- Problem requirements
Your copy of the listing must be exact and must hold no images.

- Records supplied
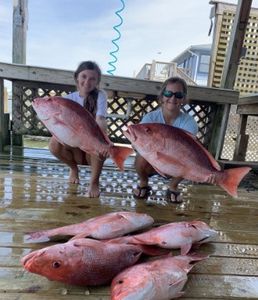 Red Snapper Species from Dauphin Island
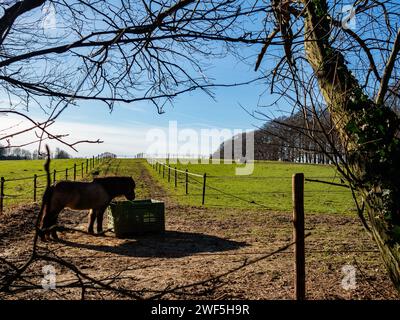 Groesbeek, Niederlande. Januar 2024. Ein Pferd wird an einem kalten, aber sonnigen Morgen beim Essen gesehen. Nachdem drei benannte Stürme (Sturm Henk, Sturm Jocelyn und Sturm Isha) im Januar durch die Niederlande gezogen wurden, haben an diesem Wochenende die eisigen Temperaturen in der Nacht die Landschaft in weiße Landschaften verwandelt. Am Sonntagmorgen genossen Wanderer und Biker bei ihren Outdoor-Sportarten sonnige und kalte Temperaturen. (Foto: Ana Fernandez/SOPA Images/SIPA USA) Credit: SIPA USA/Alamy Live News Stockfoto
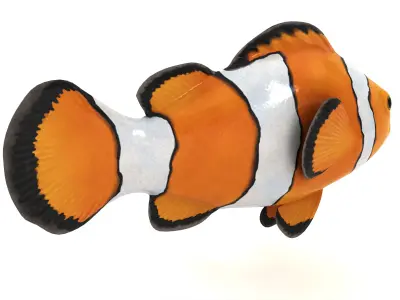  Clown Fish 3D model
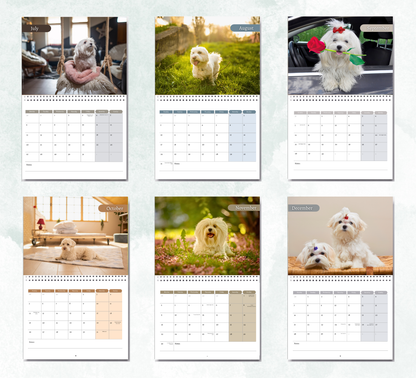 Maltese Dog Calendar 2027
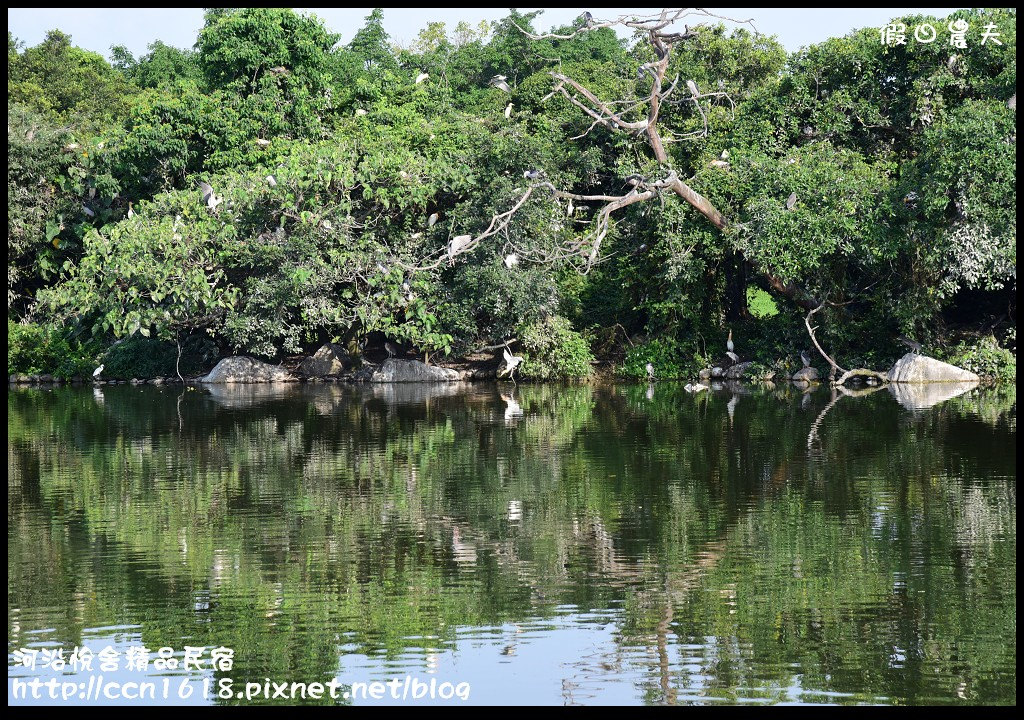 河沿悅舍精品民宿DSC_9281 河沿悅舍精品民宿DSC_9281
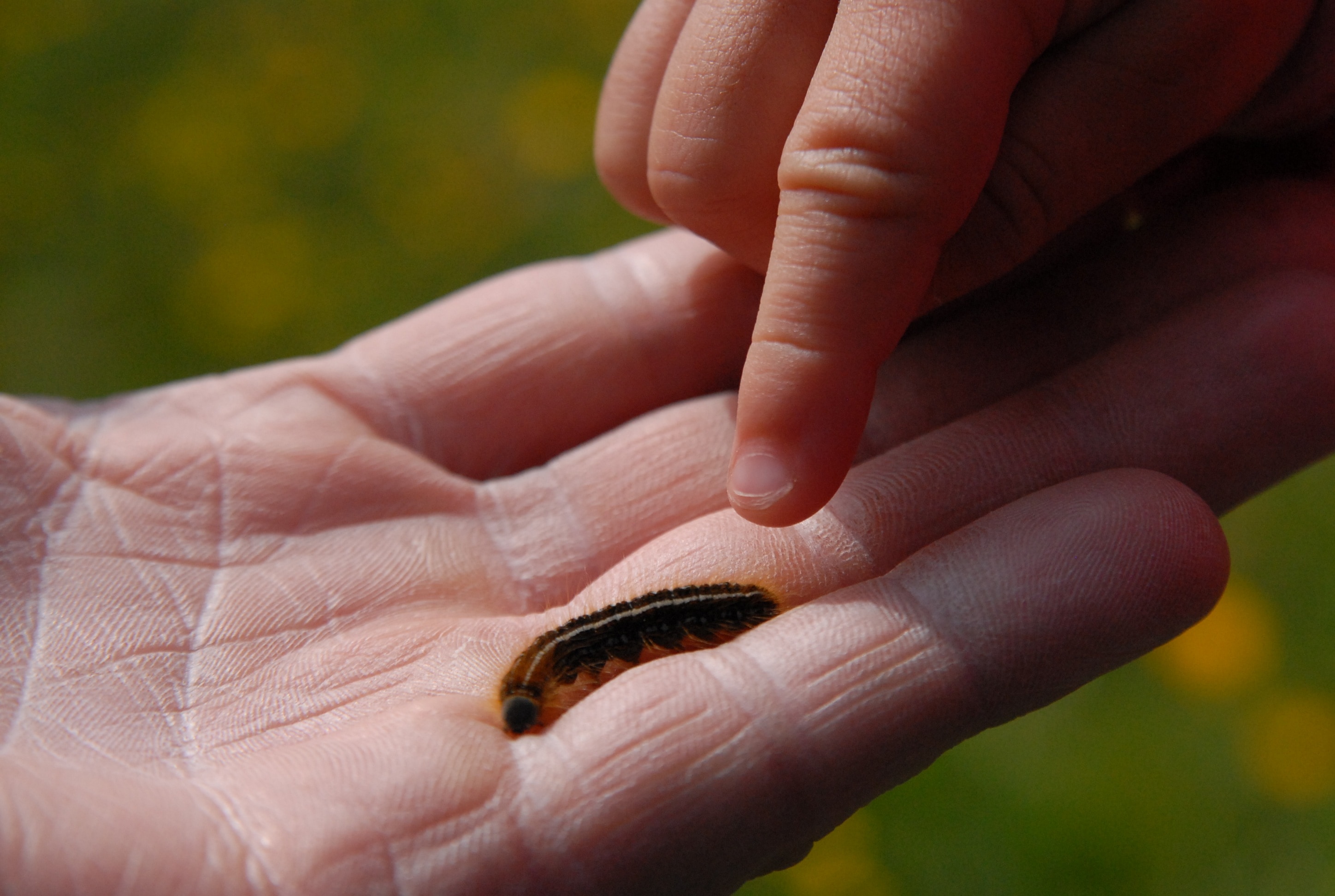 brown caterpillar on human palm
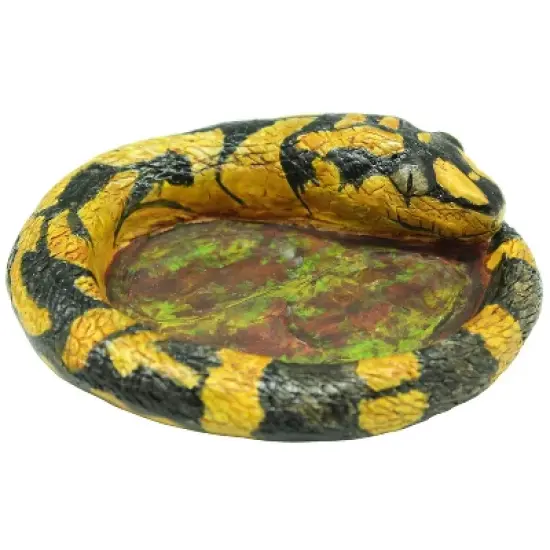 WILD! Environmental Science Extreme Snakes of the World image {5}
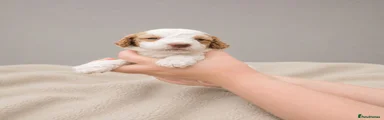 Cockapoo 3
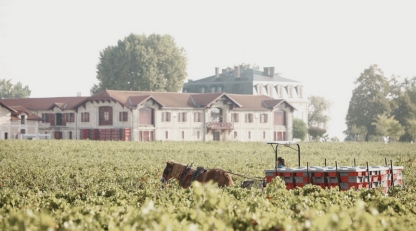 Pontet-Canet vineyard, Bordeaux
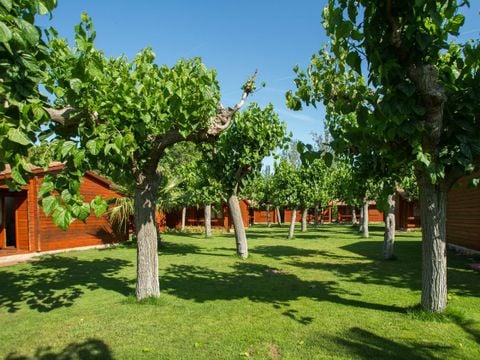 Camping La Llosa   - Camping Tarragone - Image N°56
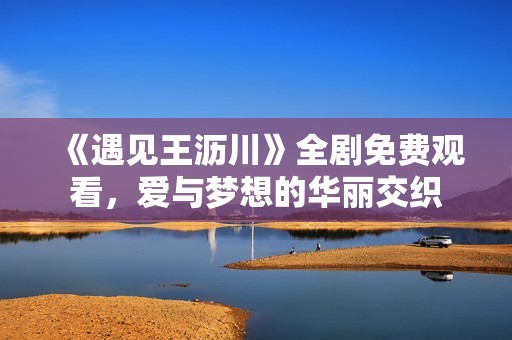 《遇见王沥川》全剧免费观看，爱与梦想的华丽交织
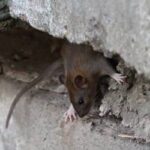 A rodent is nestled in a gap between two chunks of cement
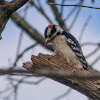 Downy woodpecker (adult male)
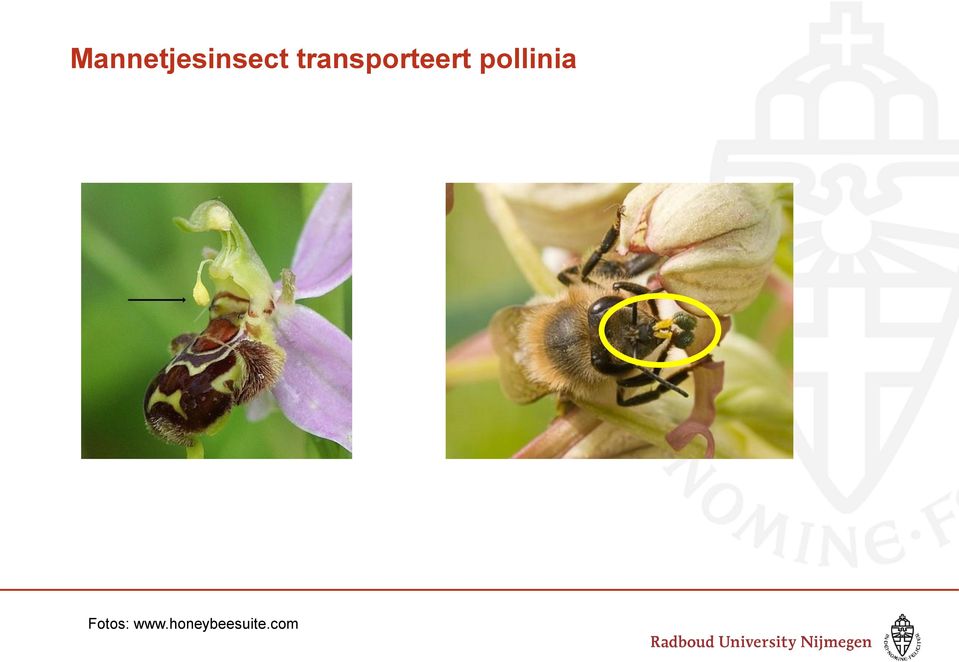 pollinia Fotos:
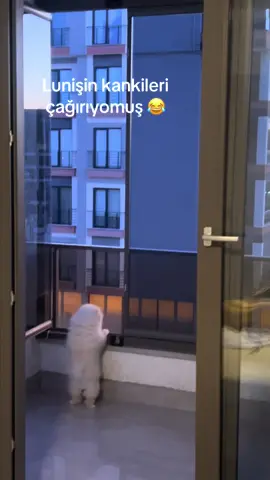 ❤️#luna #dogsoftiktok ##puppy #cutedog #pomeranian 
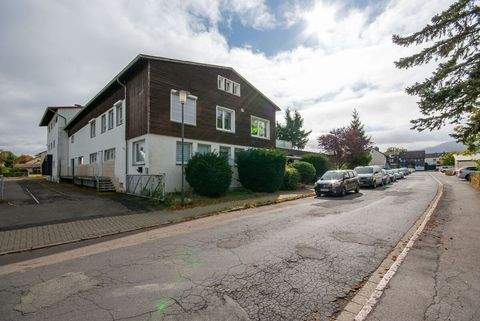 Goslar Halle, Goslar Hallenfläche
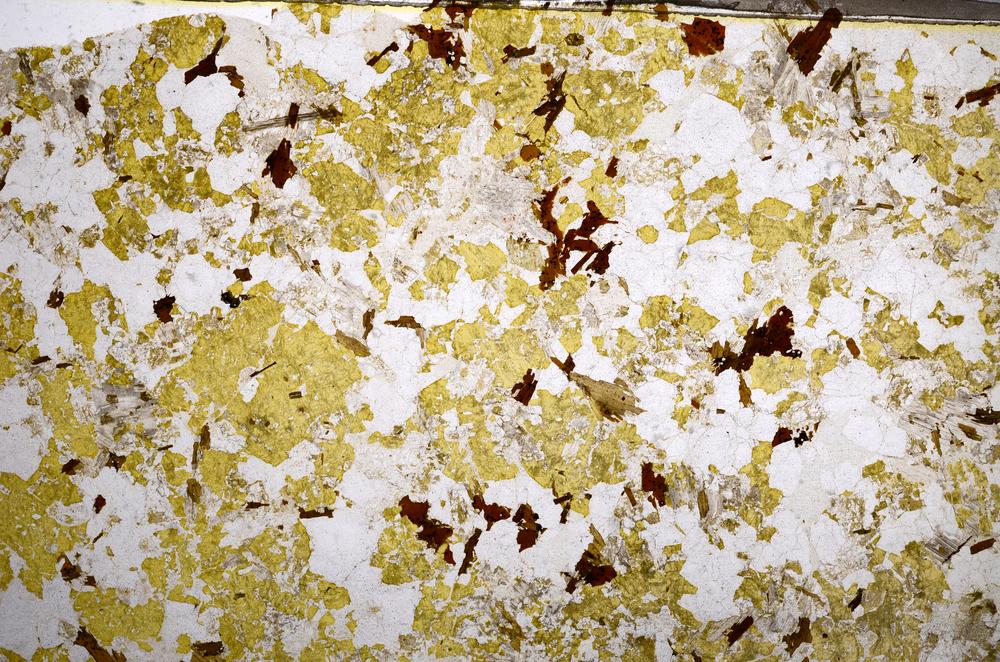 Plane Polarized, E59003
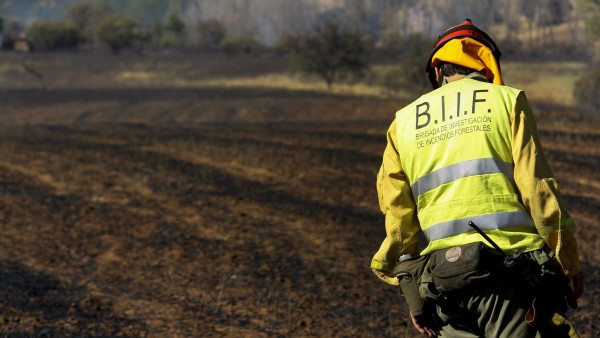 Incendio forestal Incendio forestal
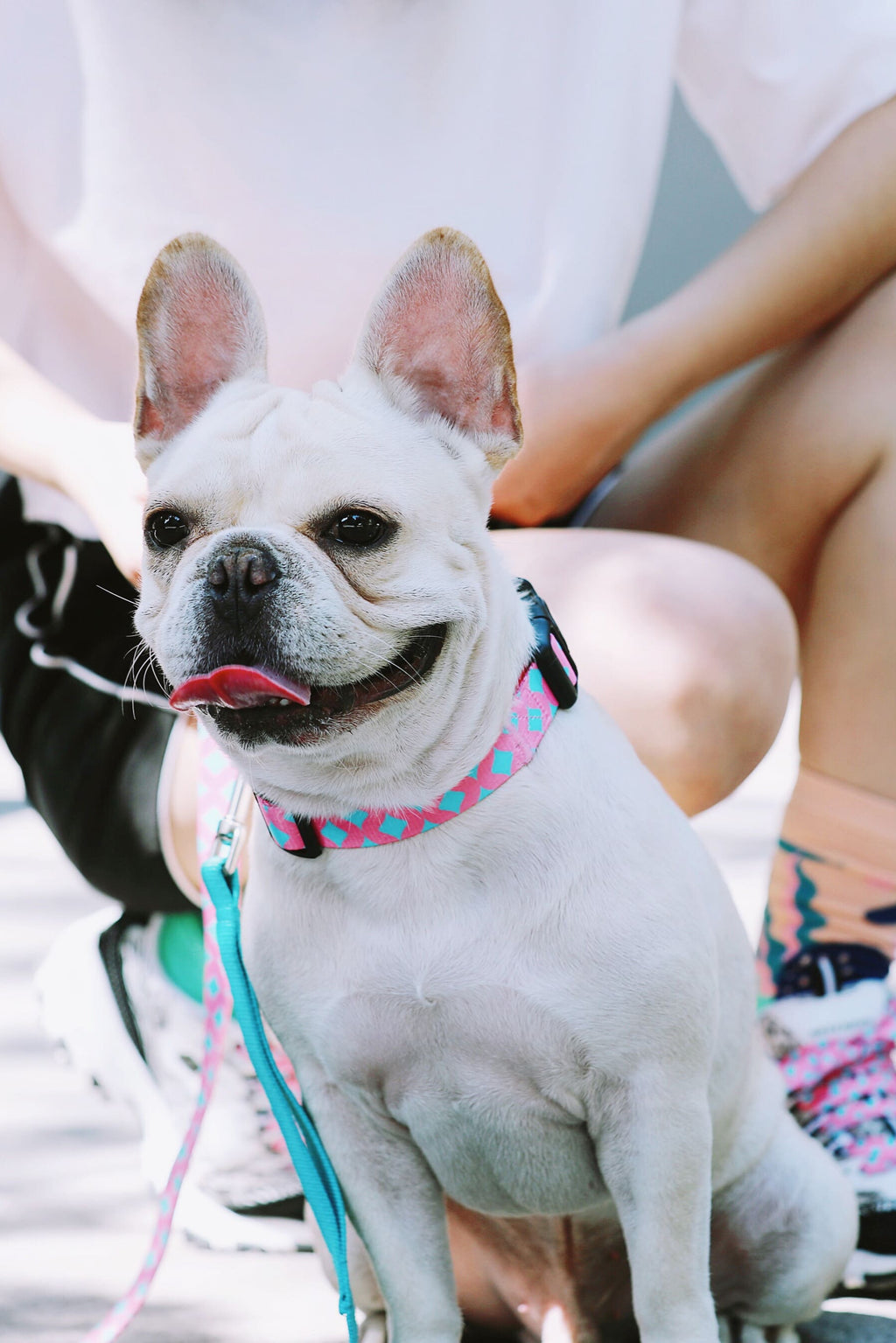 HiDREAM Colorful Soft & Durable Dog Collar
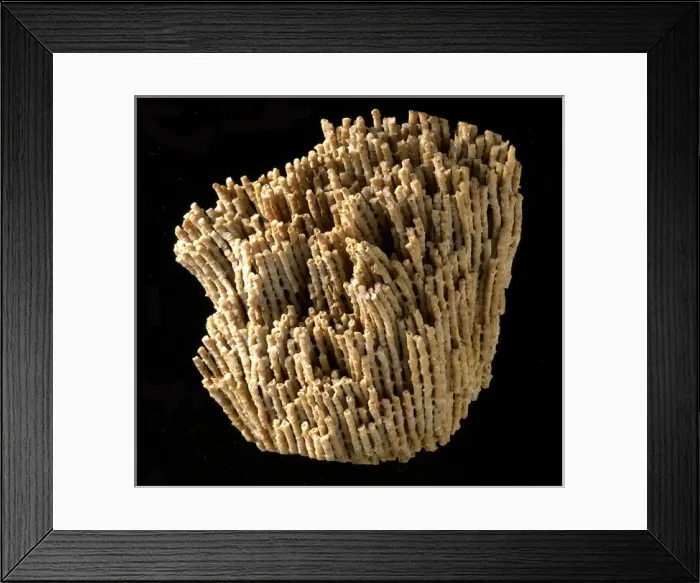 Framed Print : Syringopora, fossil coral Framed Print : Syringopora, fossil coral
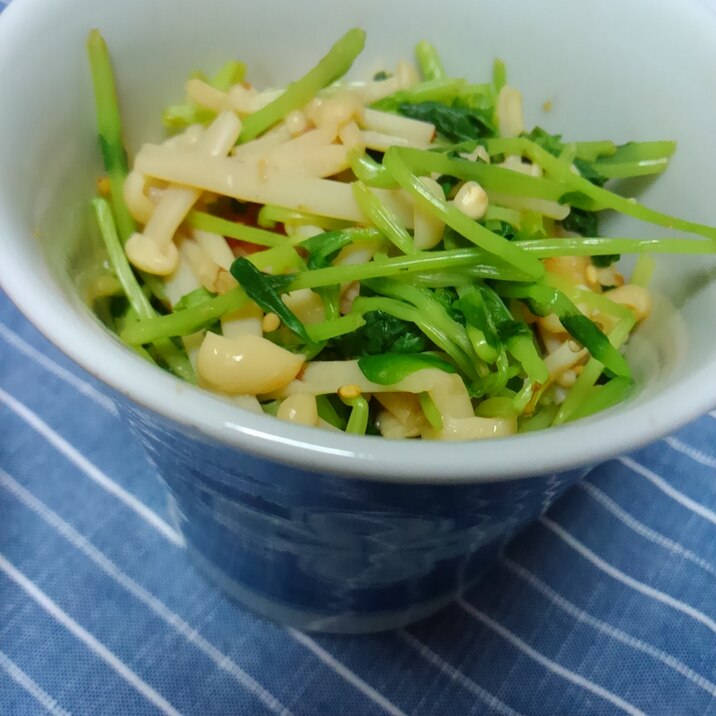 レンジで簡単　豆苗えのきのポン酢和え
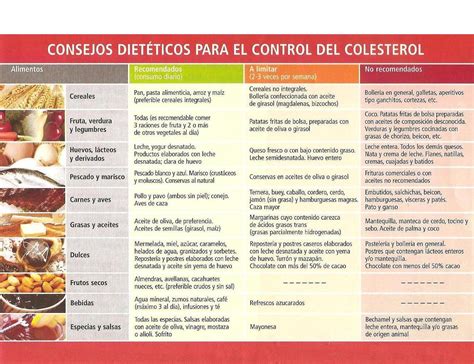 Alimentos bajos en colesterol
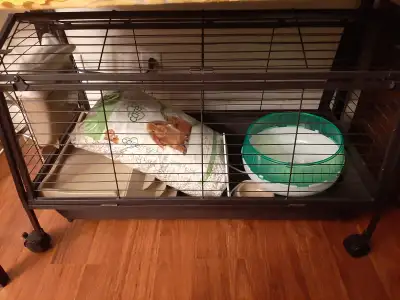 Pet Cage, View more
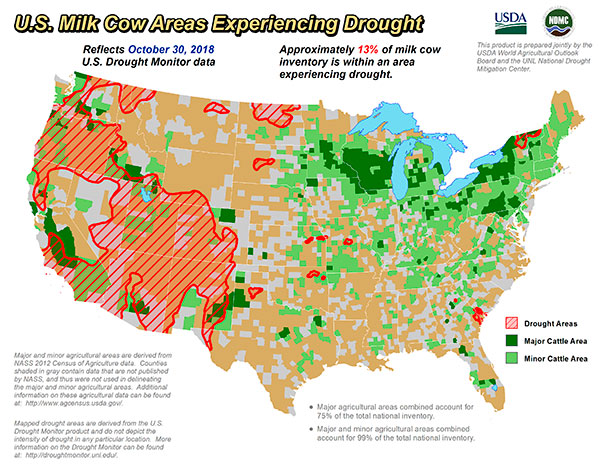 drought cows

- Result of this exercise
 Red Snapper Species from Dauphin Island
 Groesbeek, Niederlande. Januar 2024. Ein Pferd wird an einem kalten, aber sonnigen Morgen beim Essen gesehen. Nachdem drei benannte Stürme (Sturm Henk, Sturm Jocelyn und Sturm Isha) im Januar durch die Niederlande gezogen wurden, haben an diesem Wochenende die eisigen Temperaturen in der Nacht die Landschaft in weiße Landschaften verwandelt. Am Sonntagmorgen genossen Wanderer und Biker bei ihren Outdoor-Sportarten sonnige und kalte Temperaturen. (Foto: Ana Fernandez/SOPA Images/SIPA USA) Credit: SIPA USA/Alamy Live News Stockfoto
  Clown Fish 3D model
 Maltese Dog Calendar 2027
 河沿悅舍精品民宿DSC_9281 河沿悅舍精品民宿DSC_9281
 brown caterpillar on human palm
 WILD! Environmental Science Extreme Snakes of the World image {5}
 Cockapoo 3
 Pontet-Canet vineyard, Bordeaux
 Camping La Llosa   - Camping Tarragone - Image N°56
 《遇见王沥川》全剧免费观看，爱与梦想的华丽交织
 A rodent is nestled in a gap between two chunks of cement
 Downy woodpecker (adult male)
 pollinia Fotos:
 ❤️#luna #dogsoftiktok ##puppy #cutedog #pomeranian 
 Goslar Halle, Goslar Hallenfläche
 Plane Polarized, E59003
 Incendio forestal Incendio forestal
 HiDREAM Colorful Soft & Durable Dog Collar
 Framed Print : Syringopora, fossil coral Framed Print : Syringopora, fossil coral
 レンジで簡単　豆苗えのきのポン酢和え
 Alimentos bajos en colesterol
 Pet Cage, View more
 drought cows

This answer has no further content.